_Data excerpt_:
=== Section Start ===

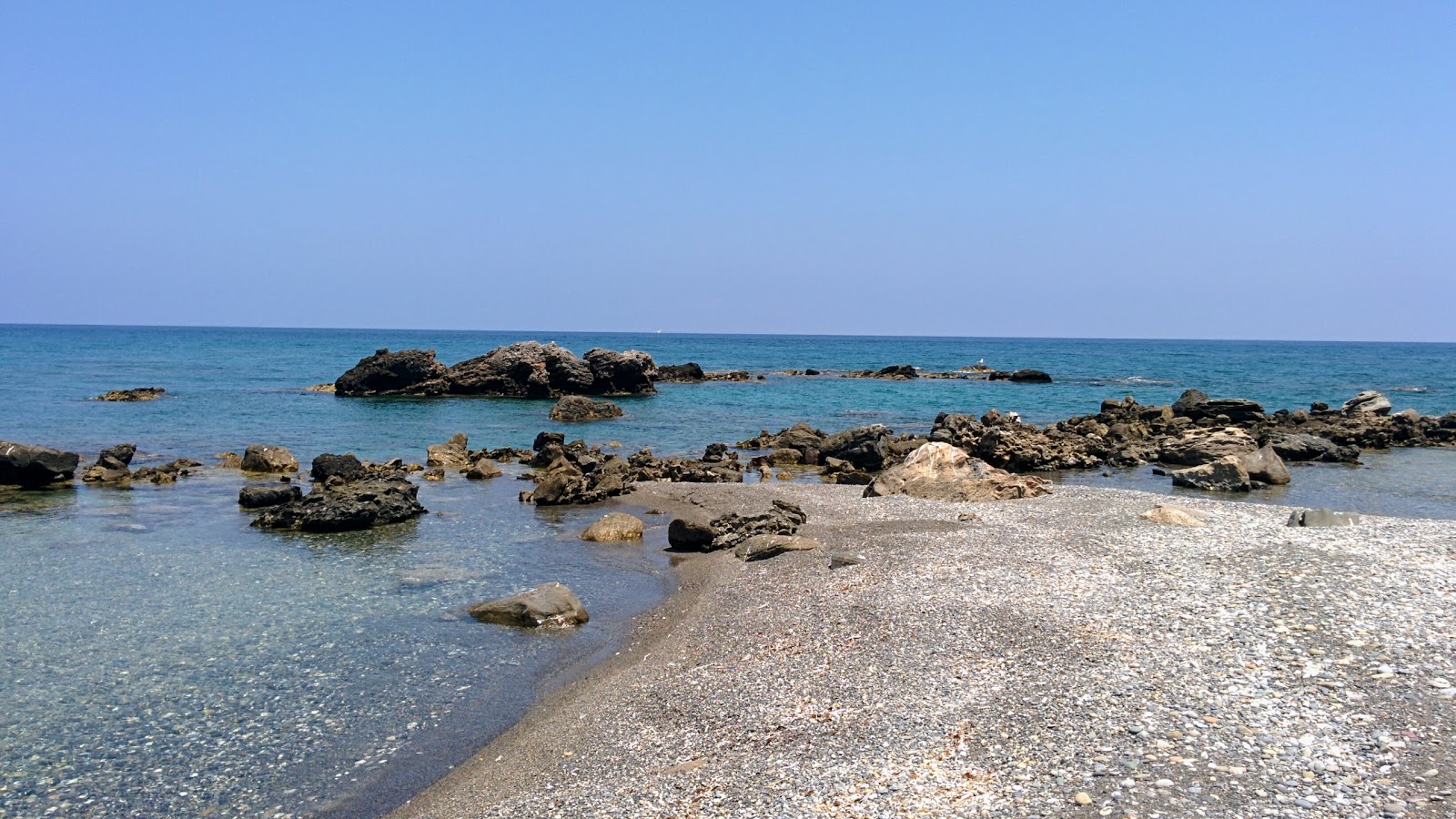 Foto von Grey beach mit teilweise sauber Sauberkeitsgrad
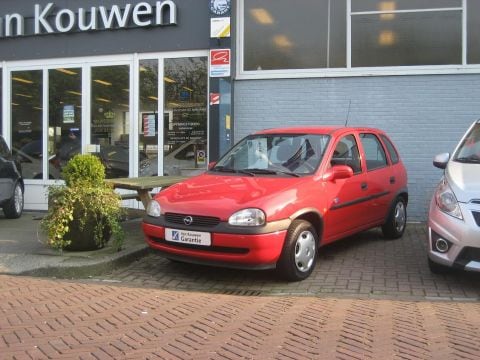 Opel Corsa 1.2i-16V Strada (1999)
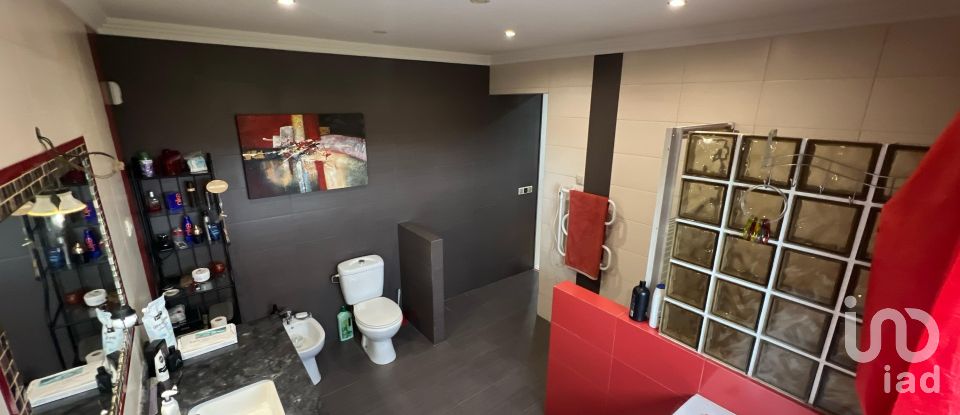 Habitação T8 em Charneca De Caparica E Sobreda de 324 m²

=== Section End ===

_Instructions to follow_:
Exactly as written, copy out the listing, but without any pictures.

_Answer_:
 Foto von Grey beach mit teilweise sauber Sauberkeitsgrad
 Opel Corsa 1.2i-16V Strada (1999)
 Habitação T8 em Charneca De Caparica E Sobreda de 324 m²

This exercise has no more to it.